Et il le fit comme il le disait.
– Père, demanda Marguerite, à quel oiseau donnes-tu le nom de pic ?
– Les espèces en sont nombreuses, mon enfant. Toutes jouissent de la propriété de pouvoir fendre l’écorce des arbres au moyen de leur bec droit, anguleux, comprimé en coin à son extrémité, et de saisir les insectes qu’avec leur langue grêle ils trouvent sous ces écorces. Cette langue est un véritable projectile garni vers le bout d’épines recourbées en arrière ; de plus, leurs quatre doigts armés d’ongles aigus, et disposés, deux en avant, deux en arrière, leur permettent de grimper et de se tenir solidement sur les écorces les plus lisses.

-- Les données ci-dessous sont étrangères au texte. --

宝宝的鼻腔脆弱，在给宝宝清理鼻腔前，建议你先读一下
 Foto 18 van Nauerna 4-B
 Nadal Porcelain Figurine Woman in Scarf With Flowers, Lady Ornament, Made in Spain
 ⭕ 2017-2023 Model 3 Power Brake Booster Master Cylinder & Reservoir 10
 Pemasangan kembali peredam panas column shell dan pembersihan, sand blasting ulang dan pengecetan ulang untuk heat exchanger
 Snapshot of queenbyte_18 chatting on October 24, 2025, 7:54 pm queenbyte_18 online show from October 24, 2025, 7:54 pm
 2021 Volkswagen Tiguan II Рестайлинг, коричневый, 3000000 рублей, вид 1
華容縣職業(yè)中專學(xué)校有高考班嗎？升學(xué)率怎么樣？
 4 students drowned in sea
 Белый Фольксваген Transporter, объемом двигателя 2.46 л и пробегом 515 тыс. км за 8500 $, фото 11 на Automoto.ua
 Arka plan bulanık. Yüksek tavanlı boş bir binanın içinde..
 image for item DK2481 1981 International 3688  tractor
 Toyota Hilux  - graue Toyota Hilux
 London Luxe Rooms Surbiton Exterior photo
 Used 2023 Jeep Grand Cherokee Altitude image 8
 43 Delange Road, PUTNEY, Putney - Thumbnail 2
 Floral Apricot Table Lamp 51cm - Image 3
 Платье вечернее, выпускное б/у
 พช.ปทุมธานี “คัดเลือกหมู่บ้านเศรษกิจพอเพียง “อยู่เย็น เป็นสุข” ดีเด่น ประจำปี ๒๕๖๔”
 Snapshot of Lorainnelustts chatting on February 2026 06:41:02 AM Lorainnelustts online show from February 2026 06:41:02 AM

Ordinairement solitaires et craintifs, les pics fréquentent les grandes forêts ou les arbres qui garnissent la lisière des bois ; c’est contre l’écorce de ces arbres qu’ils exercent leur industrie ; quelques-uns, pourtant, nichent à terre ou contre les rochers. Les insectes, soit à l’état parfait, soit à l’état de larves, composent leur principale nourriture ; ils la cherchent au-dessous des portions d’écorce soulevées ou dans les trous pratiqués sur la partie ligneuse. Pour y parvenir, ils se cramponnent contre le tronc, se font un point d’appui de leur queue courte, composée de plumes roides légèrement recourbées, et garnies à leur extrémité de barbules également roides et courtes.
Dans cette attitude, et solidement installés, ils visitent, avec leur langue, les anfractuosités, les accidents et les trous à leur portée, Aperçoivent-ils une larve ou un insecte qu’ils ne puissent ramener, et saisir à l’aide des crochets qui terminent leur langue, alors, ils font usage du bec.
Au moyen de ce coin dont la nature les pourvoit, ils frappent à coups redoublés sur la portion d’écorce qui recèle l’insecte, et finissent par s’emparer de leur proie. D’autres fois, ils sondent le tronc d’un arbre pour s’assurer s’il n’existe pas quelques creux contenant des insectes. Si les points sonores leur indiquent un de ces creux, ils en cherchent l’ouverture extérieure, et ils y dardent leur langue ou bien élargissent le trou.
En parlant ainsi, M. Daubencourt ramenait sa fille au logis.
Après le déjeuner, il se disposa à aller chercher dans le saule creux les œufs de pic qu’il convoitait ; mais quelques visites qu’il lui fallut recevoir l’en détournèrent.
Il ne put réaliser son projet qu’à la chute du jour.